The swipe fees that big banks and credit card networks charge retailers to process transactions could cost the average consumer the equivalent of a dozen eggs this Easter, reports the Merchants Payments Coalition. Overall, swipe fees could total more than half a billion dollars nationwide this Easter.

“The card industry will be putting its hand in the Easter basket again this year as rising swipe fees contribute to the cost of everything from Peeps to chocolate bunnies,” said Doug Kantor, MPC Executive Committee member and general counsel for NACS. “These fees make inflation even worse at a time when parents and the Easter Bunny can least afford it. And the problem won’t end when Easter is over because swipe fees drive up prices for consumers all year long. The card industry refuses to stop price-fixing these fees and compete, so it’s time for Congress to act. If children can compete at an Easter egg hunt, why can’t card networks compete when it comes to setting swipe fees?”

The National Retail Federation’s annual survey predicts that U.S. consumers will spend an average $192.01 on Easter-related items this year, for a total of $24 billion in sales.

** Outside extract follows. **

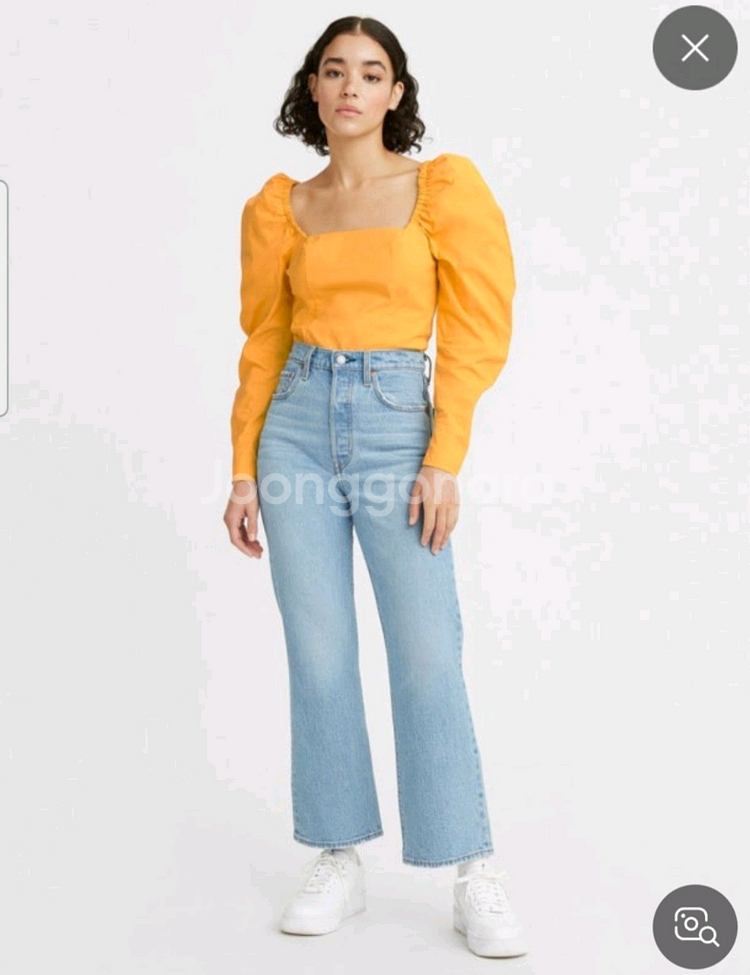 리바이스 A1967-0002 립케이지크롭부츠컷 26--0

Based on the 2.24% average swipe fee for Visa and Mastercard credit cards, $4.30 per shopper will go to banks and card networks rather than the merchant when customers pay by credit card. That’s just above the $4.21 average price for a dozen eggs.

If all U.S. Easter purchases were made with credit cards, swipe fees would total approximately $537.6 million. However, the actual amount is difficult to determine since purchases are split between credit cards and debit cards, which have a lower swipe fee, and cash. But cash accounted for only 19% of purchases in 2021, according to the Federal Reserve, and its use is declining as more shopping occurs online and more consumers use cards for in-store purchases.

Credit and debit card swipe fees have more than doubled over the past decade. They soared 17% last year alone to hit a record $160.7 billion, Nielson reports. They are most merchants’ highest operating cost, following labor, and are impossible for retailers to absorb. As a result, they drove up expenses for the average family by an estimated $1,024 last year.

The impact on Easter comes as Senators Richard Durbin, D-Ill., and Roger Marshall, R-Kan., are preparing to reintroduce the Credit Card Competition Act. The legislation would require that banks with over $100 billion in assets enable credit cards to be processed over at least two unaffiliated networks. One could still be Visa or Mastercard, but the other would be a competing network, such as NYCE, Star or Shazam. Banks would choose which two to enable, but merchants would choose which to use. This move would force networks to compete over fees, security and service. Payments consulting firm CMSPI estimates that competition would save businesses and their customers at least $11 billion a year.